Thank you to everyone who actually reads my stuff, interacts in the comments, tweets my links, shares it on Facebook, watches the videos, and continues our discussions on your own blogs! You guys are awesome! Life In Student Ministry wouldn’t even have the potential to start blessing me and my family if it wasn’t for you all.


Posted on November 4, 2010

  • Ben Kraker

    Sellout!

    Just kidding. Tim, any time you make a decision in favor of your family, you win. Biggest lesson I've been learning.
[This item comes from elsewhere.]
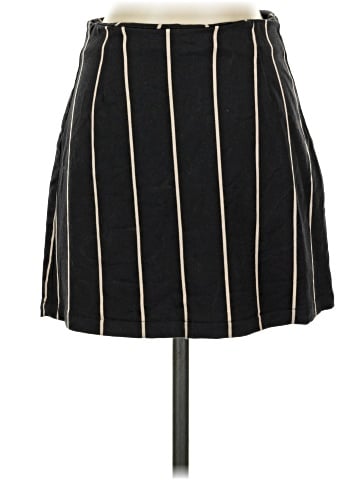 Reformation Jeans Casual Skirt (view 1)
Doug Fields gave an outstanding message at NYWC this year that every youth pastor who has a family absolutely NEEDS to hear. 2 quotes stick out to me still, more than a month later: "Every time you say yes to an additional ministry opportunity, you are saying no to your family." and "Hold your kids more than you hold your cell phone." Those two phrases have become my mantra lately, the sort of words that will likely stick with me for the rest of my life.

    Having 4 kids ages 5 and under (today is my youngest's birthday, so we can officially say we have a 2 year old, 3 year old, 4 year old, and 5 year old!) has basically taken my online presence/blogging/etc. to all-time low. It was hard to let go of blogging, but now, I'm OK with it because by not blogging I have had more time to be with my family.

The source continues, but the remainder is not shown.